Information supplied:
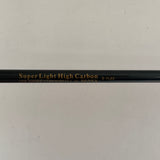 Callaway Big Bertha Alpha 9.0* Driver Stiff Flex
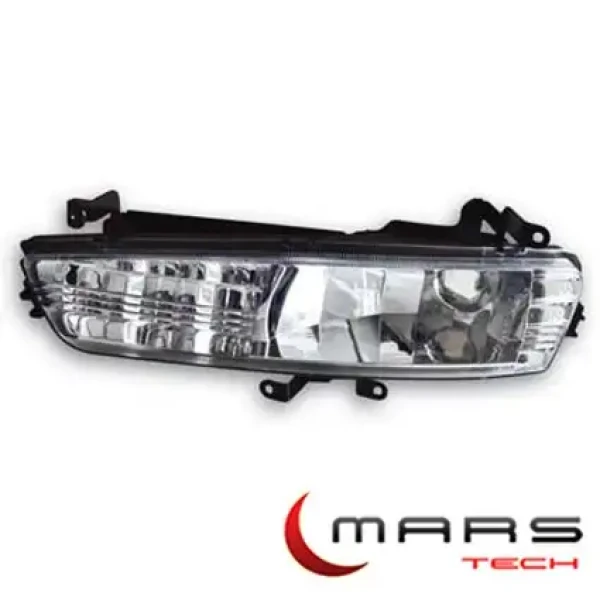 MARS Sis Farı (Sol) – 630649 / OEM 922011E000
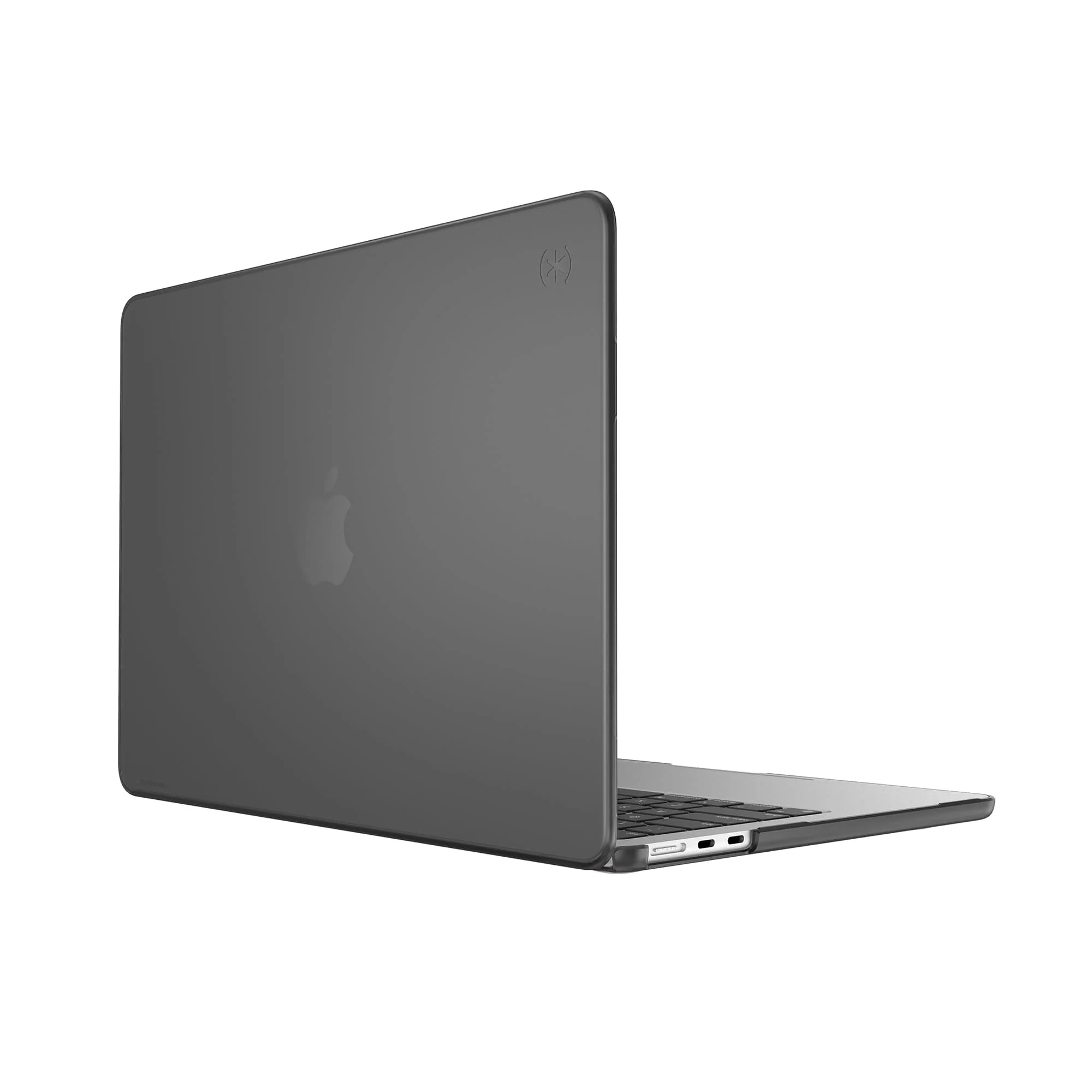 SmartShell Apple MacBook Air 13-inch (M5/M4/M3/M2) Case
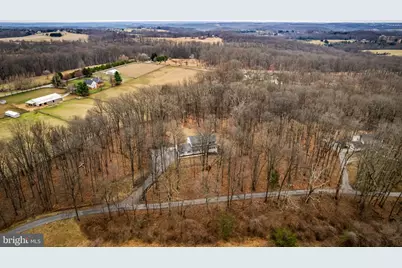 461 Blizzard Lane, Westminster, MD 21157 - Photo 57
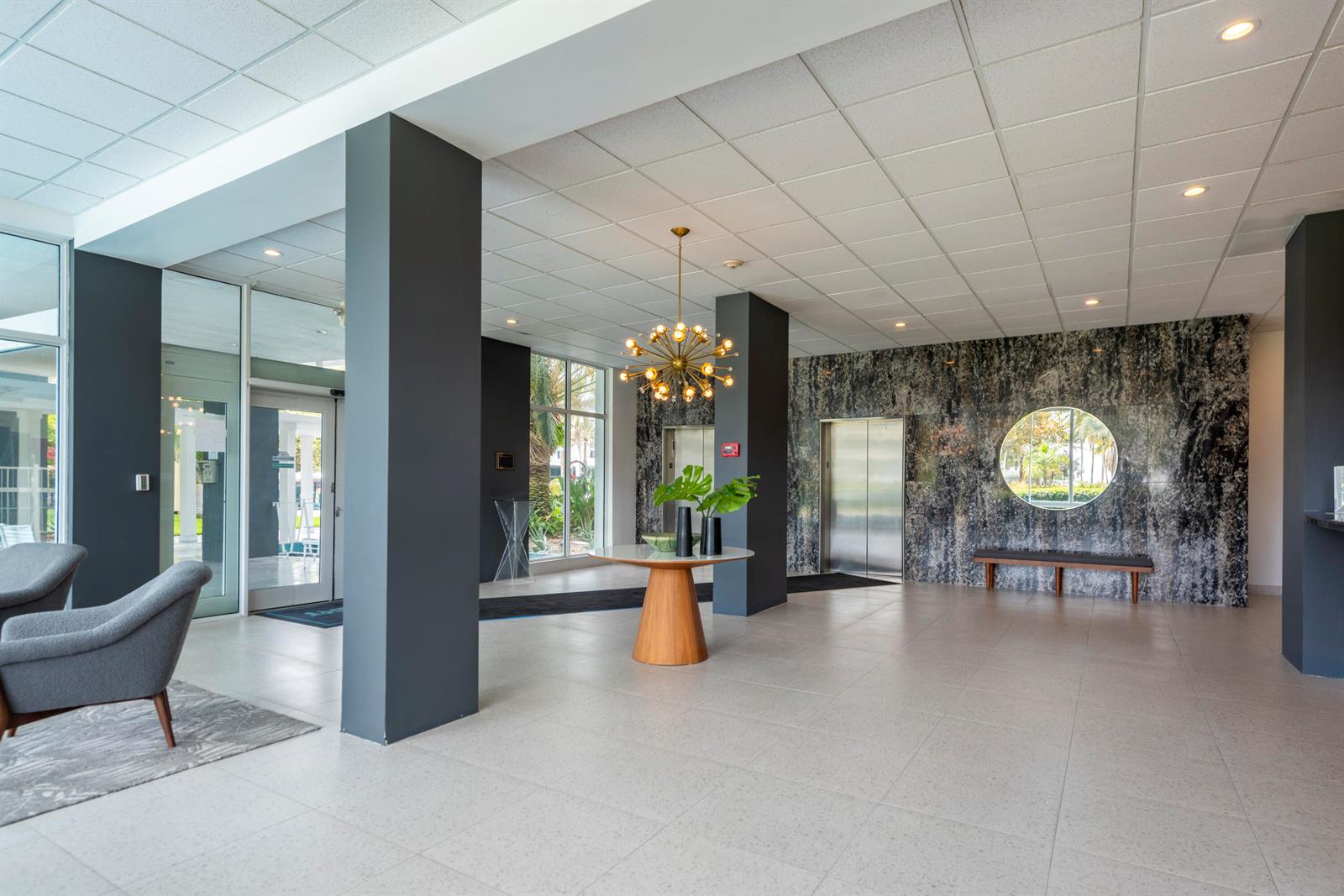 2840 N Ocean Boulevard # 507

Your objective:
All preceding records should be duplicated verbatim, images excepted.

Task result:
 Callaway Big Bertha Alpha 9.0* Driver Stiff Flex
 MARS Sis Farı (Sol) – 630649 / OEM 922011E000
 SmartShell Apple MacBook Air 13-inch (M5/M4/M3/M2) Case
 461 Blizzard Lane, Westminster, MD 21157 - Photo 57
 2840 N Ocean Boulevard # 507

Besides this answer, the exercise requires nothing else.